• _Records shown_:
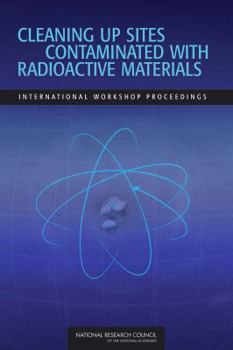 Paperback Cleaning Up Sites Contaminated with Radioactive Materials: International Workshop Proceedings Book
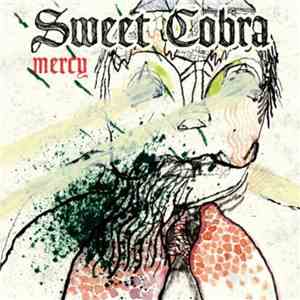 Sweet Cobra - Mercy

---

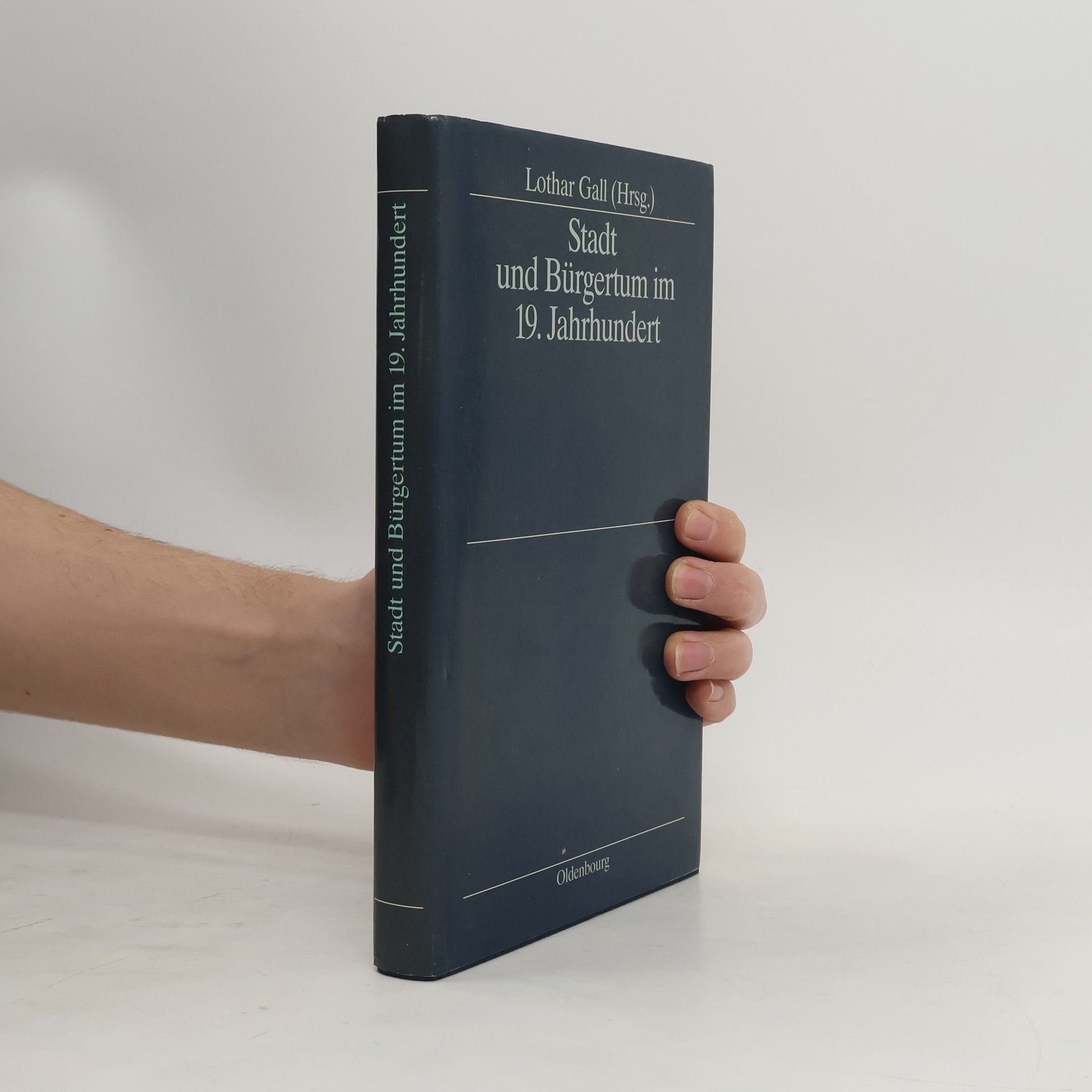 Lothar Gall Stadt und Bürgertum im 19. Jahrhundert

==

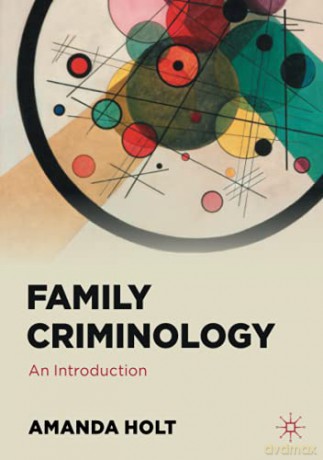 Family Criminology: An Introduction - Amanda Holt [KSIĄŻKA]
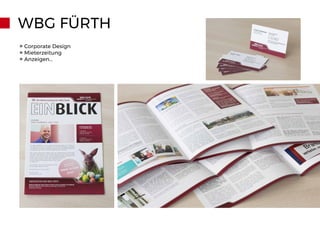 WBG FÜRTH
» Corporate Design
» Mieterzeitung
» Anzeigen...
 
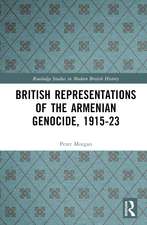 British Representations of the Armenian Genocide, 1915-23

• _About this exercise_: Above are some records. Reproduce the lines from the one with "Paperback Cleaning Up" down to the one with "Sweet Cobra - Mercy", keeping both, and leave every picture out.

• _Exercise solution_:
 Paperback Cleaning Up Sites Contaminated with Radioactive Materials: International Workshop Proceedings Book
 Sweet Cobra - Mercy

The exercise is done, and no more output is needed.